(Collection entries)
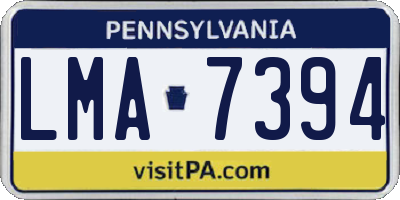 PA license plate LMA7394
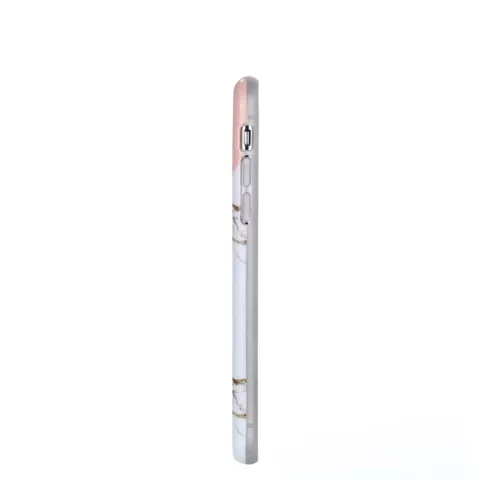 Flexibel hoesje gouden ananas marble gold marmer geschikt voor iPhone X XS - Roze Wit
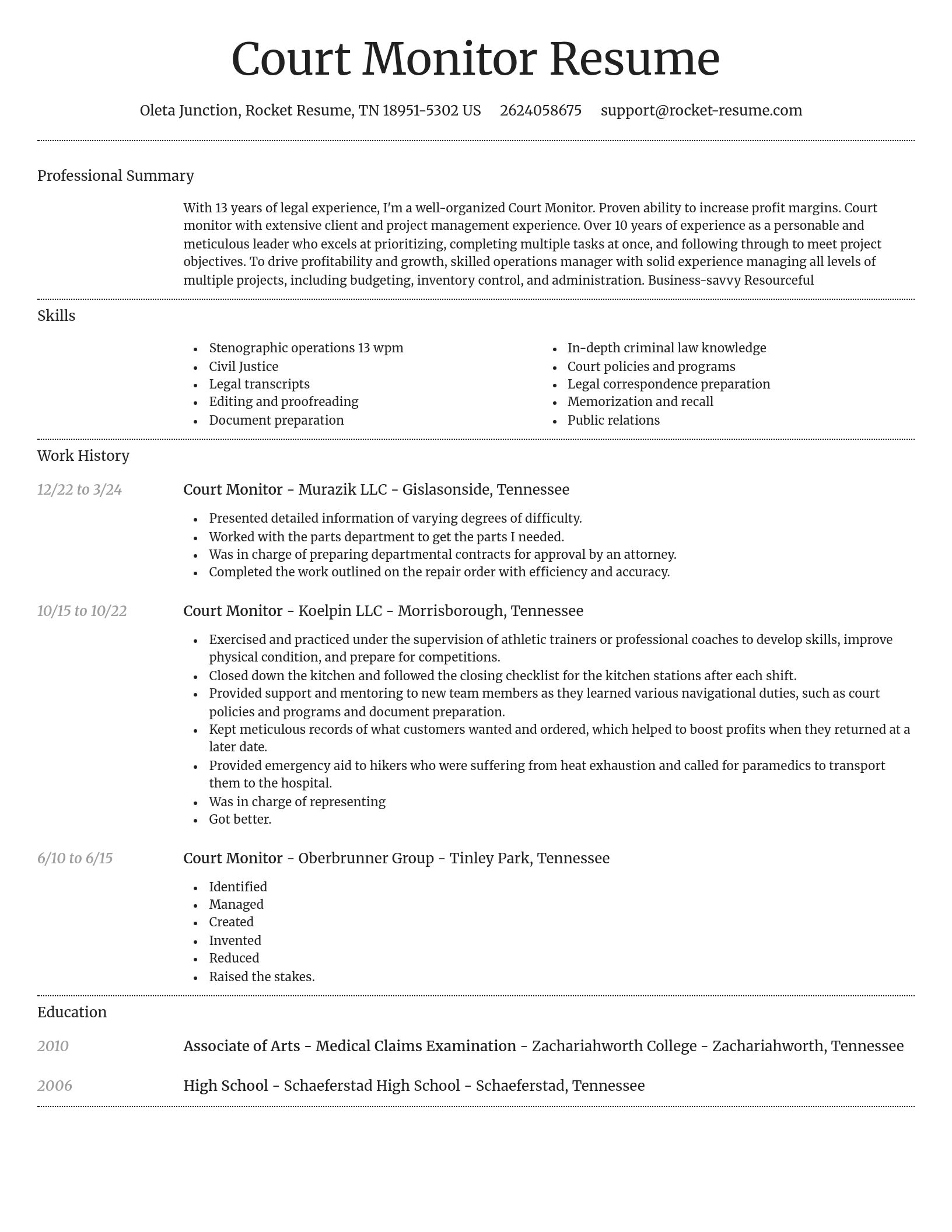 Dignified resume template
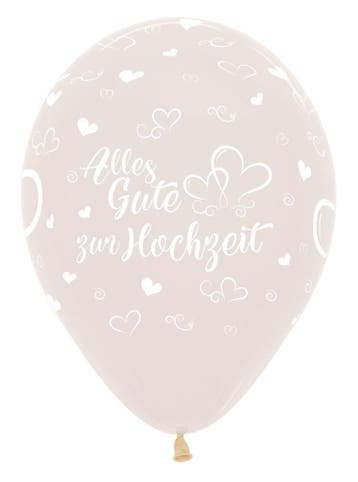 Ballonnen Alles Gute zur Hochzeit Hearts Crystal Clear 30cm, Verzenden, Nieuw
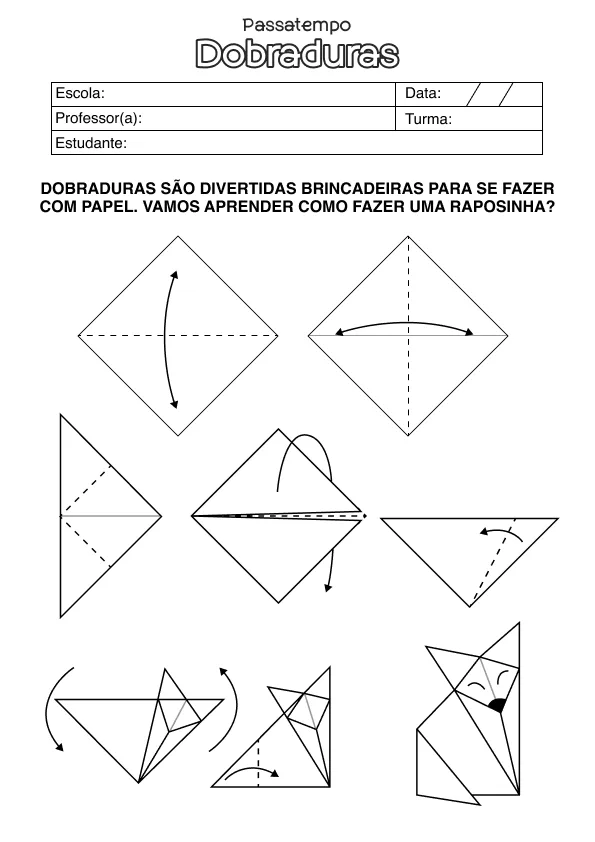Atividade de alfabetização de dobradura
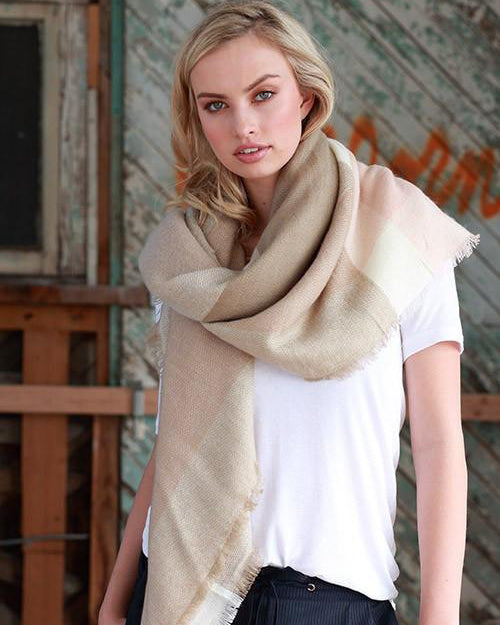 Cozy Days Blanket Scarf (Blush & Taupe Color Block) - Babe Outfitters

§ Task to complete:
Please transcribe exactly the line containing "Dignified resume template" and every later line through the end of the records above, omitting pictures.

§ Response area:
 Dignified resume template
 Ballonnen Alles Gute zur Hochzeit Hearts Crystal Clear 30cm, Verzenden, Nieuw
Atividade de alfabetização de dobradura
 Cozy Days Blanket Scarf (Blush & Taupe Color Block) - Babe Outfitters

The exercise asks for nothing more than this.